PROBLEM TO WORK ON ▸
Pictures appear among the records below and must be omitted. Repeat exactly the lines from the line with "Aparthotel Apartamenty Czarna" to the line with "Big with watermark", both included.

DATA TO EXAMINE ▸
··········

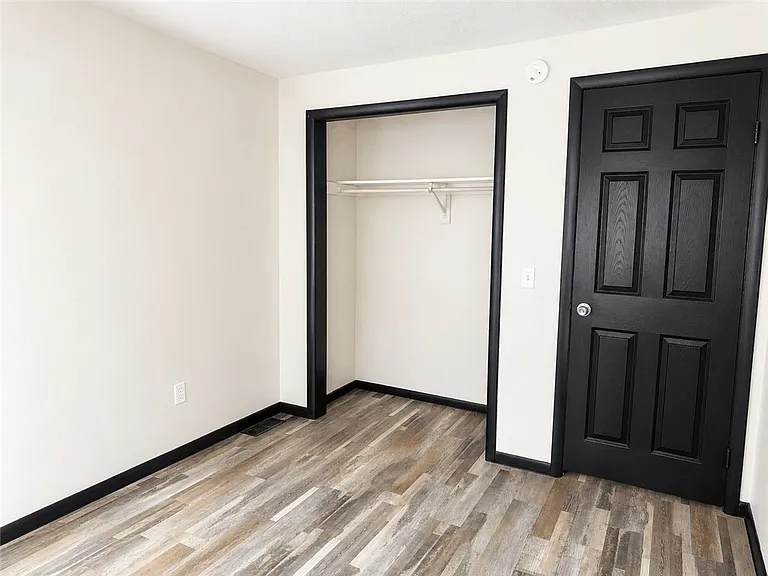 35 Weld St #A — Photo 12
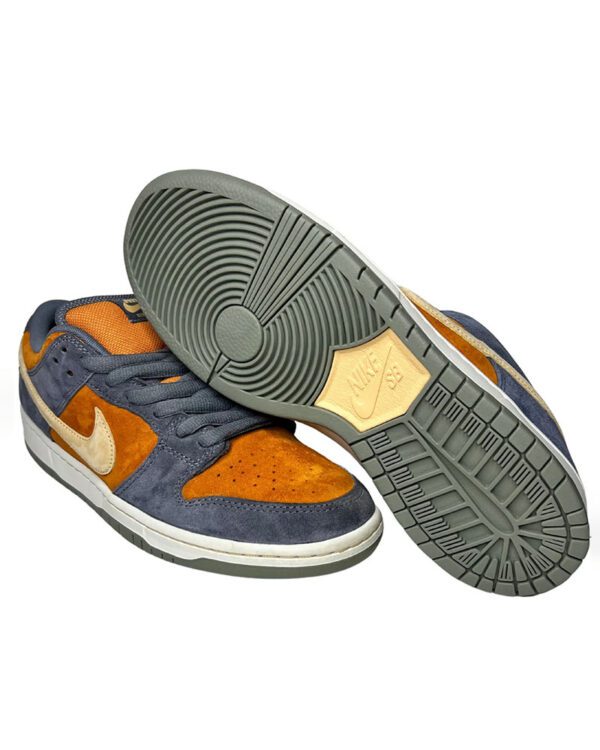 Dunk Light Carbon Monarch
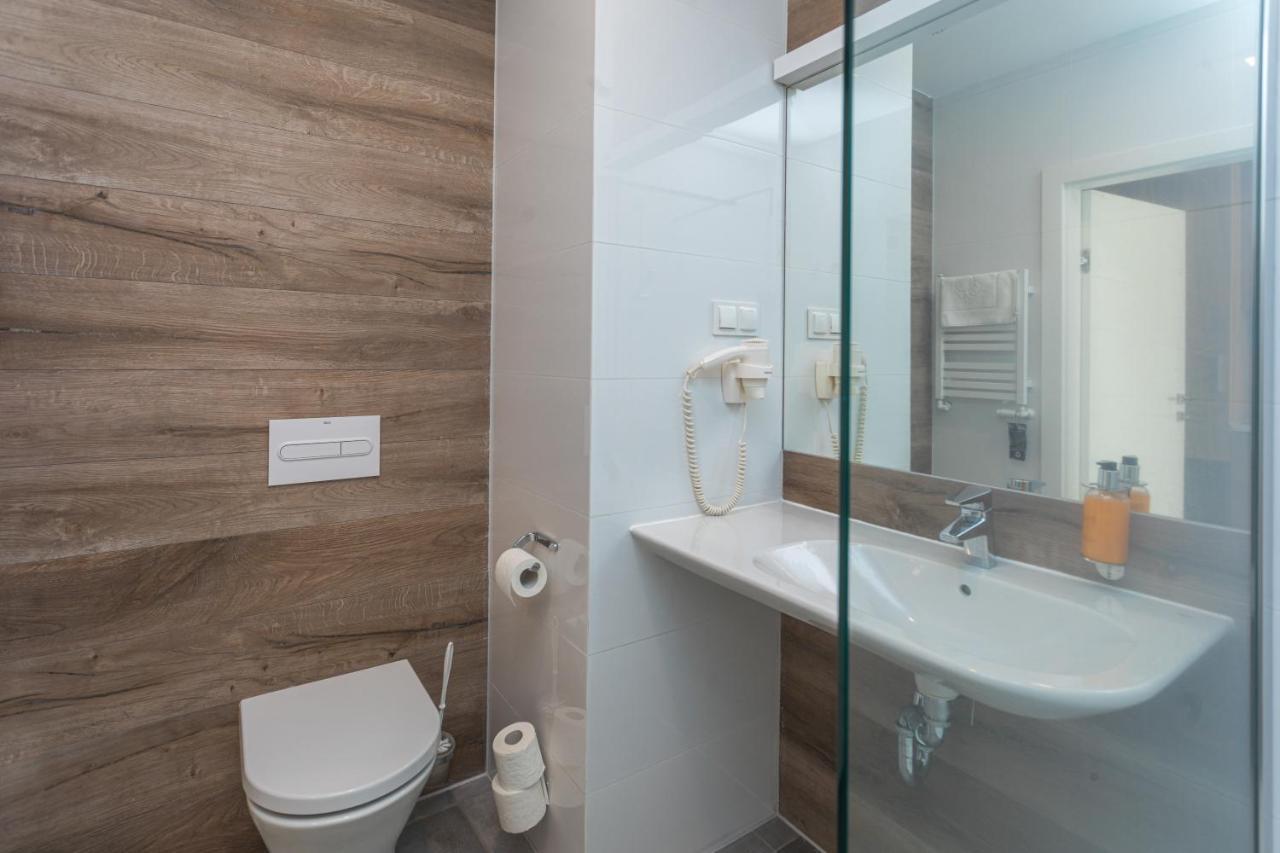 Aparthotel Apartamenty Czarna Gora 230 Sienna  Dış mekan fotoğraf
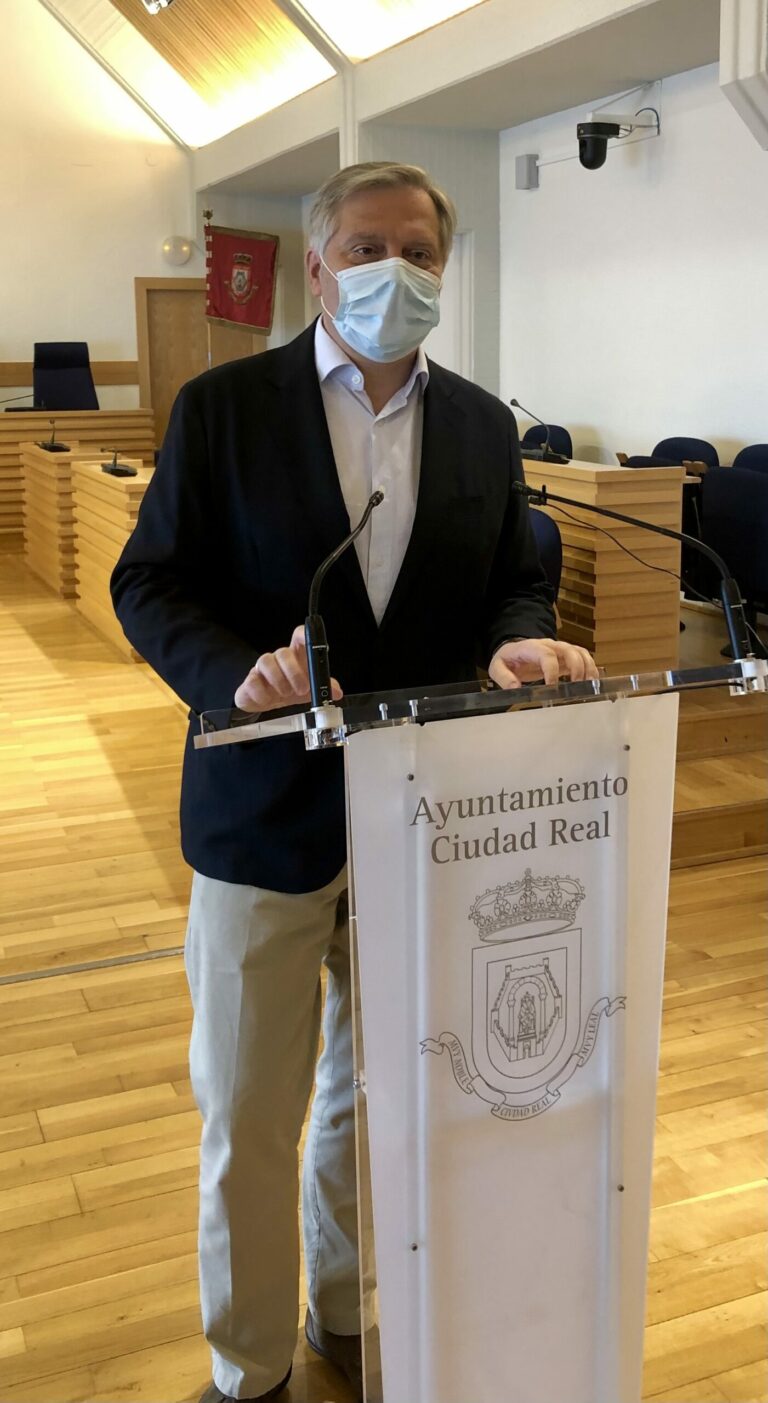 Cañizares (PP) cree que «los intereses personales de las dos alcaldesas» de Ciudad Real «lastran» la gestión municipal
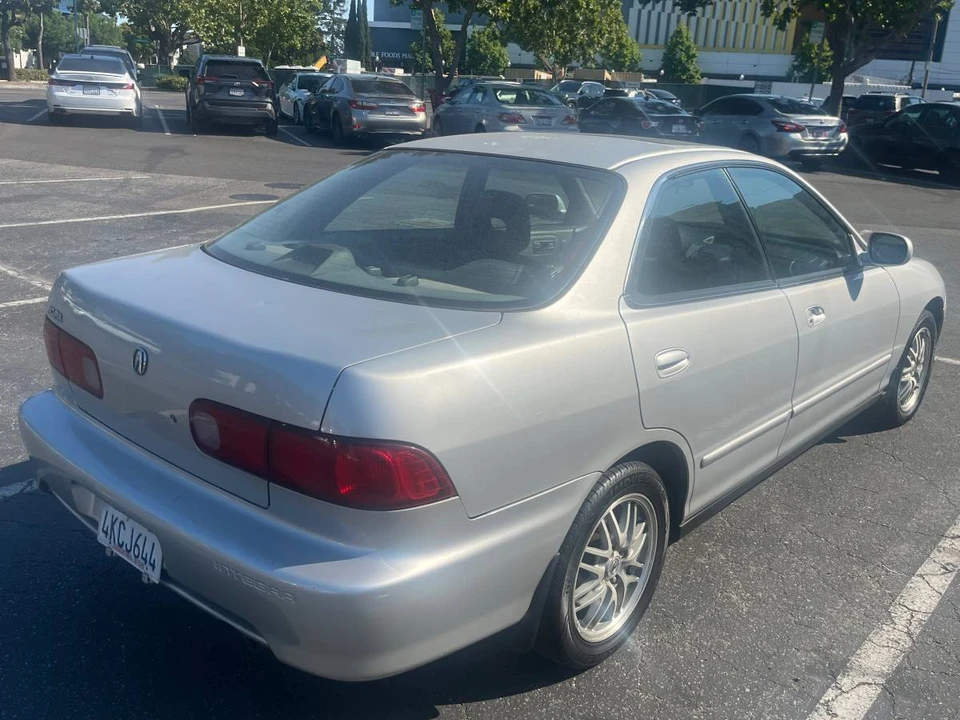 2000 Acura Integra 3rd Gen - Image 5 of 15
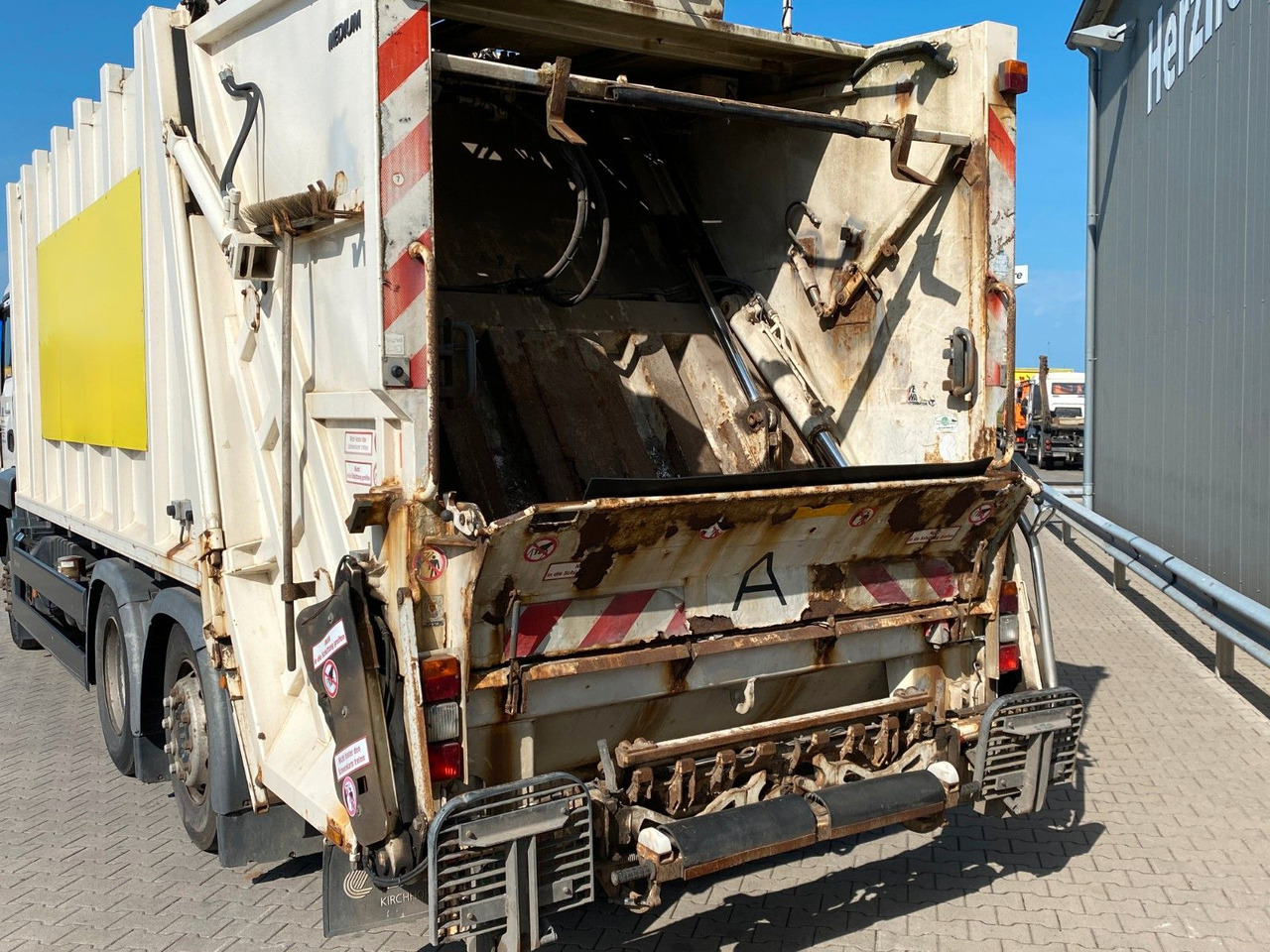 MAN TGS 26.320 6x2-4 | Zöller Medium X2EC24*3x Sitze - Απορριμματοφόρο: φωτογραφία 3 MAN TGS 26.320 6x2-4 | Zöller Medium X2EC24*3x Sitze - Απορριμματοφόρο: φωτογραφία 3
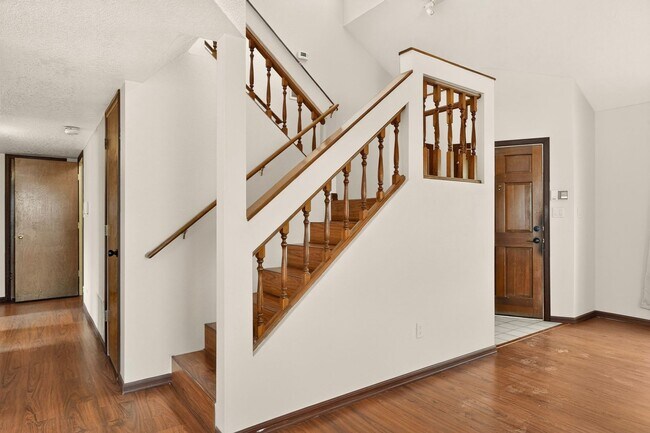 Building Photo - 7817 Sunrose Dr NW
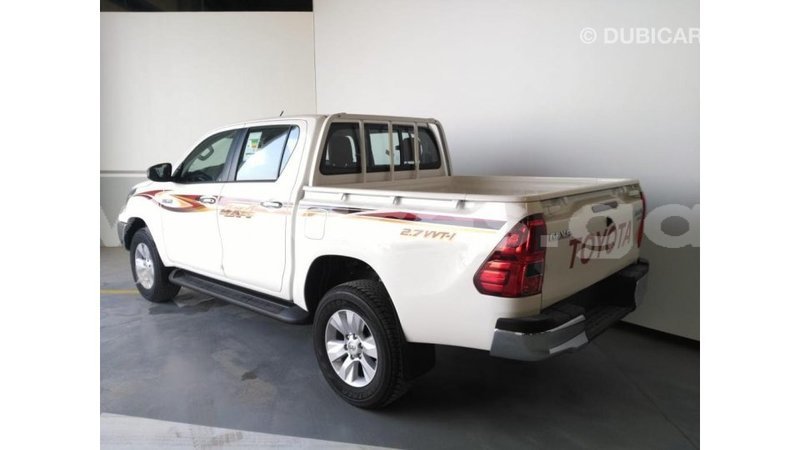 Big with watermark toyota hilux estuaire import dubai 4658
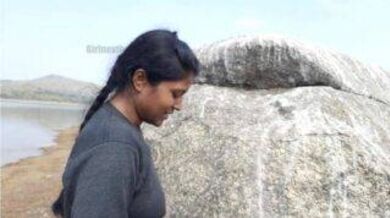 Hydrabadi girl fucks her boyfriend outdoor near the pond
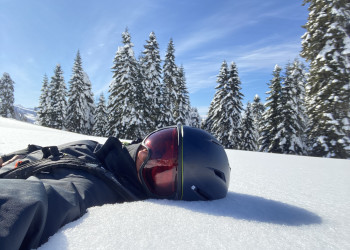 Сноубордист умирает на трассе Сторожка на Розе Хутор – фотографии России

··········

ANSWER TO THE PROBLEM ▸
 Aparthotel Apartamenty Czarna Gora 230 Sienna  Dış mekan fotoğraf
 Cañizares (PP) cree que «los intereses personales de las dos alcaldesas» de Ciudad Real «lastran» la gestión municipal
 2000 Acura Integra 3rd Gen - Image 5 of 15
 MAN TGS 26.320 6x2-4 | Zöller Medium X2EC24*3x Sitze - Απορριμματοφόρο: φωτογραφία 3 MAN TGS 26.320 6x2-4 | Zöller Medium X2EC24*3x Sitze - Απορριμματοφόρο: φωτογραφία 3
 Building Photo - 7817 Sunrose Dr NW
 Big with watermark toyota hilux estuaire import dubai 4658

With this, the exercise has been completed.